TOPLUMSAL BUHRANLARIMIZ 2 « Kamudan Ajans

SON DAKİKA

TOPLUMSAL BUHRANLARIMIZ 2


07/12/2020 tarihli, “Toplumsal Buhranlarımız” başlıklı yazı ile konuya giriş yapmış, Said Halim Paşa’nın, eserlerinde en fazla üzerinde durduğu konulardan batılılaşma, taklitçilik ve batıcı aydınlarımız konularına dair, ilk yazımızda bazı görüşlerine yer vermiştik. Fakat araya başka bir konuyu aldığımız için devam edememiştik. Yazımıza ikinci bölümü ile devam ediyoruz.

Şehit Said Halim Paşa, Sadaret makamından 3 Şubat 1917’de ayrılmasına rağmen 1919 Mart ayında bazı kabine üyeleri ile birlikte Malta’ya sürülmüştür. Tahliye olduktan sonra yerleştiği Roma’da 6 Aralık 1921 Salı günü bir Ermeni komitacının silahlı saldırısına uğrayarak hayatını kaybetmiştir. Na’şı İstanbul’a getirilmiş ve 30 Aralık 1921 günü Yeniköy’deki yalısından alınarak büyük bir törenle Sultan Mahmut Türbesi’nin bahçesine defnedilmiştir.

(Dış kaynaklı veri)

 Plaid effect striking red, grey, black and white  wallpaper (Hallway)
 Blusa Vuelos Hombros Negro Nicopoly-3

Eski Osmanlı Sadrazamı ve Mısır Prensi Sait Halim Paşa siyasi kişiliğinin yanı sıra hem bir fikir adamı hem sanatkâr bir centilmen idi. Paşa’nın aynı zamanda müziğe, aileden gelen bir ilgisi vardır. Kendisi ud ve piyano çalardı.

Sait Halim Paşa Türkiye’de modern İslamcı düşüncenin gelişmesine önemli katkıları olmuş bir fikir adamıdır. 1919 yılında yayınlanan Buhranlarımız adlı kitabı yedi eserden oluşmaktadır.(4) Hacmi küçük, anlatısı, derdi büyük bu yedi eserde anlatılan; büyük, bilge devlet adamı Said Halim Paşa’nın, o günlerden bugünlere kadar hala tartışılan bazı kavramlardan neler anladığına ve neler anlamamız gerektiğine dair görüşlerini aktarmaya devam edelim.

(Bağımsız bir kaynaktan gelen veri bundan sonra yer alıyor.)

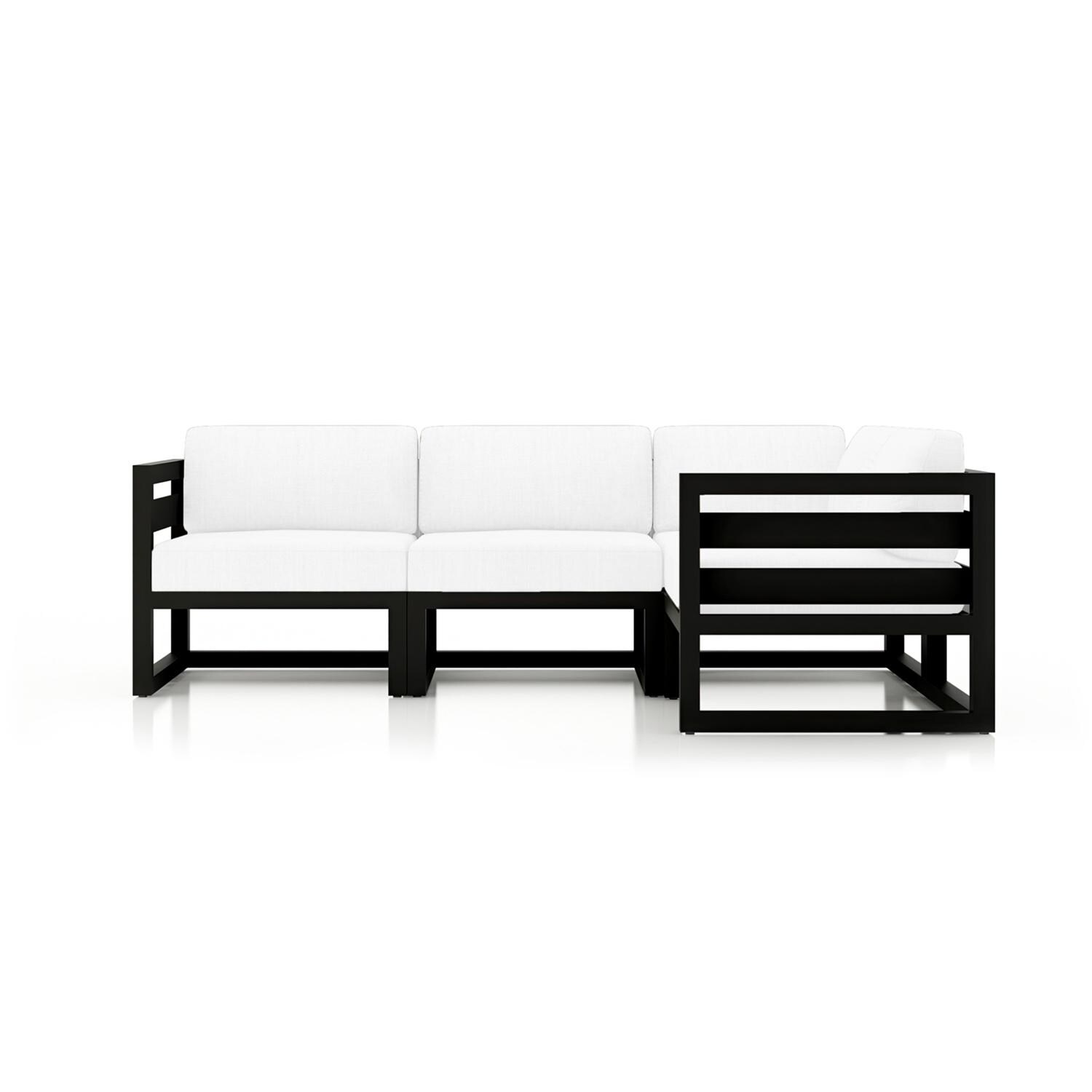 Lakeview MSTYCV-BK-4SEC-CN Misty Cove 4 Pc Aluminum Sectional Set in Black w/Cast Silver Cushions by Lakeview Outdoor Designs - Set - White Background thumbnail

Said Halim Paşa; meşrutiyet hakkında, Herkes daha fazla huzur ve selâmete kavuşacağını ummuştu. Aksine olarak herkesin huzursuzluğu arttı ve kendisini eskisinden daha fazla fenalığa uğramış buldu. Çünkü herkes cür’etini arttırmış, başkalarının hakkına hiç çekinmeden tecâvüz etmeye başlamıştı, şeklinde bir değerlendirme yapar. “Mantık veya nazariye bakımından ne kadar mükemmel olurlarsa olsunlar, hayatın gerçeklerine uymayan kanunlar zararlı olmaktan kurtulamazlar. Sûistimâllere sebep olan keyfi ve müstebit idareyi doğuran, hep bu zararlı kanunlardır. Bunlar sonunda halkın da ahlâkını bozarlar” der. (s:20)

O’na göre; “… her türlü beşerî ilerlemenin, insanların çalışma ve zekâsından ve muhitleri ile zamanlarının ihtiyacını hakkıyla anlayıp, ona göre tatbikata olan istidatlarından meydana geldiğinden hiç şüphe yoktur. (s:28) “…bizim, şimdiye kadar, hiçbir ıslâhatın icrâsında mavaffak olamayışımız, daimî olarak, bizce yapılması zararlı olan, yapılmasına imkân olmayan şeyleri yapmak istemiş olmaklığımızdan ileri gelmiştir. İşte asıl ve tek sebep budur. (s:39) Her milletin kendine has fikirleri ve hisleri olmasaydı, içtimaiyat ilmi (sosyoloji), hayvanat ilmi (zooloji) ile garip bir şekilde iç içe bulunurdu. Bunun içindir ki, başka milletlerin tecrübelerinden istifade etmeye kalkışan bir milletin, tâmiri imkânsız birtakım hatalara düşmemesi çok güçtür… Garb’ın düşünce tarzı ve ruh halleri ile Şark’ın düşünce ve ruhu arasındaki ortak noktalar -ekseriya umulanın aksine-pek azdır. Bu yüzden, böyle bir istifadeye kalkışmak çok tehlikeli olur. (s:39)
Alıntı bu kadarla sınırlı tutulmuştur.